É tão importante que, quando eles chegam do primeiro dia de escola, a primeira coisa que lhes perguntamos, ansiosos, é "já tens amiguinhos?". É deprimente.
As crianças não entendem esta ansiedade. Para elas, não há esse conceito de amigos. Para elas há outras crianças e pronto. Amigos, amigos são os pais, o cão e pouco mais. Até muito tarde, elas olham para os seus pares como adversários, nunca como amigos. Um dia numa creche é um dia passado num campo de batalha sangrento onde estão em jogo coisas tão fundamentais como a atenção dos mais velhos ou os brinquedos mais disputados.
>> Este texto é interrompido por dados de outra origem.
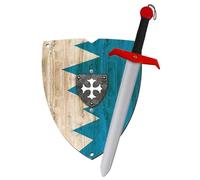 Épée et Bouclier Chevalier en Bois Colorés Faits à la Main - Jouet Garçons, Filles, Enfant - Complément Jeux, Jeux d'Imitation, Déguisement, Médiéval, Guerrier, Soirée à Thème, Moyen-âge (Bleu)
É tudo menos um espectáculo bonito de se ver. É tudo menos um espectáculo de fraternidade, de generosidade e de amizade. E o mais irónico é que, depois de um dia destes, elas chegam a casa e, em vez de os pais lhes perguntarem "quantas baixas provocaste?", perguntam "então, brincaste com os teus amiguinhos?". Quais amiguinhos, quais quê, a vida de uma criança é um filme de acção para maiores de 18 anos, não há cá amigos nem amiguinhos. Há inimigos, sangue, suor e lágrimas.
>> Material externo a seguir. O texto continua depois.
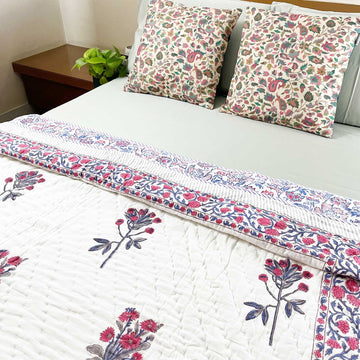 White & Red Soft Cotton Floral Printed Quilt - 60 inches x 90 inches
Uma criança não cria laços afectivos com outra criança apenas e só porque estão ambas fechadas na mesma sala e porque têm a mesma idade. Ela, no máximo, brinca com essa criança.
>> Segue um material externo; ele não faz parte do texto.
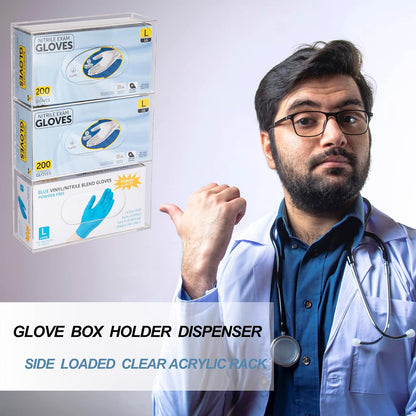 Glove Box Holder Dispenser Acrylic Single Side Loaded Clear Rack Storage Organizer for Medical, Latex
Mas nós insistimos. É estranho, mas insistimos: ter amigos é obrigatório. "Oh mãe, mas ninguém quer brincar comigo e eu não gosto de futebol..." É então que o chão nos sai debaixo dos pés: o nosso menino não tem amigos. Perante isto, só nos resta recorrer ao psicólogo, ao psiquiatra, ao neurologista. Nós não entendemos o óbvio: as crianças são como os adultos, há os que têm muitos amigos e os que têm um ou dois – e não é por isso que os consultórios estão cheios (é por outras razões, não por esta). A nós, ninguém nos impinge amigos, ninguém nos julga pelo número de amigos que coleccionamos e muito menos medimos a nossa felicidade pelo tamanho da nossa lista de contactos. Já no que diz respeito aos nossos filhos, tudo isto conta. Muito estupidamente, mas conta.